Pauling had already made millions from pornography over the past eight years, ever since he began shooting porn part-time behind his wife’s back. But $4,000 a day was unprecedented, and there was something about the offer that made Pauling feel that if he took it, he was making his final commitment to the porn industry, and there would be no going back.
As he was driving home after that meeting at Playboy, suddenly he pulled over to the side of the road, and began praying. “I was like, God, it doesn’t matter what I do, you bless me,” Pauling told LifeSiteNews.com in a telephone interview. “And basically what I was saying was, ‘Thanks for the new porn contract.’”
But, he says, “as crazy as it sounds,” after this prayer he immediately felt as if he was “hit with electricity.” The feeling was so powerful, and so unmistakable, that Pauling says he knew beyond a doubt that it was God.

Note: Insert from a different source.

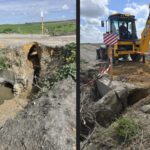 Obras e Infraestructuras trabaja en la reparación de caminos y calles tras las lluvias en Utrera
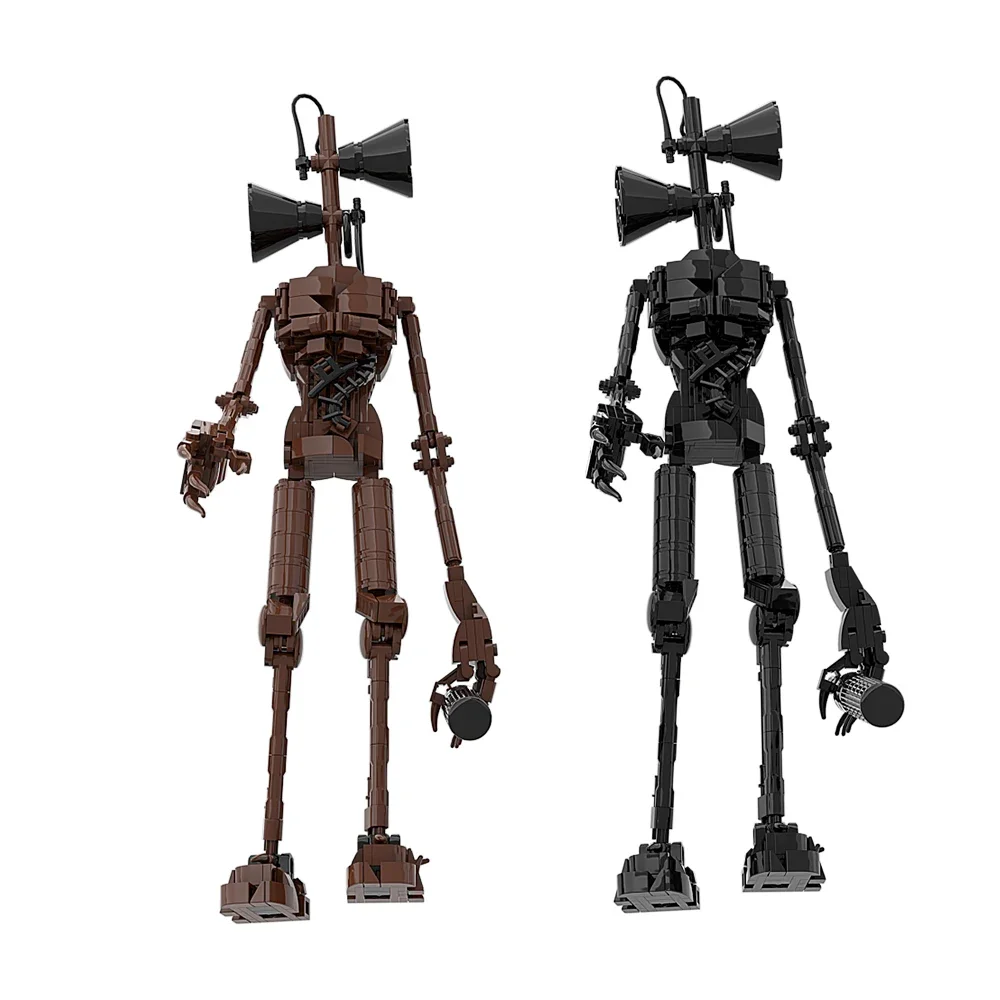 Gobricks MOC Classics Horror Game Scene Siren Head Classic Mechanical Monster Building Block Model Mechanical Robot Toy — 2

Pauling had already been praying occasionally, after encountering members of the radically unconventional XXXChurch, who make it their mission to reach pornographers, porn stars, and prostitutes with the message of the Gospel. But it was several days after the experience in the car that he says he finally decided to give his life to Jesus, and to leave the porn industry. That was in September 2006.
On September 28, 2006 Pauling wrote on his personal blog: “I’m scared. I really, truly am. Terrified. Petrified. All of those things.” But, he added, “I feel a huge sense of relief and happiness for the first time in a LONG, LONG time.”

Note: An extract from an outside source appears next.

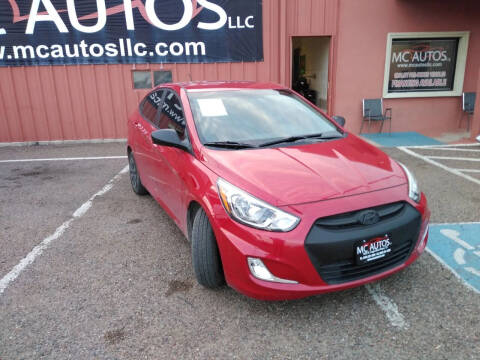 2017 Hyundai Accent for sale at MC Autos LLC in Pharr TX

The making of a porn producer
While Pauling clearly remembers his first encounter with pornography – it happened in third grade, when he stumbled upon a porn magazine - he doesn’t trace his subsequent problems with pornography to that experience.
It wasn’t until after he got married that addiction reared its head. That was in the early days of the Internet - and easy access to pornography. Pauling found himself spending more and more time online looking at porn, either when he was at work, or late at night, when his wife was asleep.

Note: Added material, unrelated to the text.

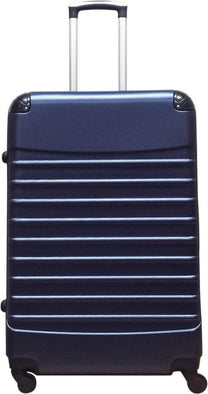2-Piece Dark Blue Hard Shell Luggage Set with 4 Wheels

He became so taken with what he saw that he decided he wanted to produce porn himself. Pauling was self-employed, and worked at his own private office, so it was easy for him to start recruiting girls and doing photo shoots without his wife knowing.
It wasn’t until Pauling physically cheated on his wife for the second time, three years into producing and selling porn, that he finally came clean with her. He called her from a porn convention and told her about his secret life.
“She flipped out,” he says, and that was the end of his marriage.
But now that porn was no longer his dirty secret, Pauling was free to devote himself full-time to producing smut. After his marriage fell apart he moved into his office, quickly found himself another girlfriend, and in the very first month doing porn full-time, he made $50,350.
He was hooked.
How to get out of the porn industry
Pauling ultimately worked as a porn producer for over eight years. During that time he says he made millions of dollars, lived a non-stop party lifestyle, recruited hundreds of girls into the porn industry, and was completely and utterly miserable.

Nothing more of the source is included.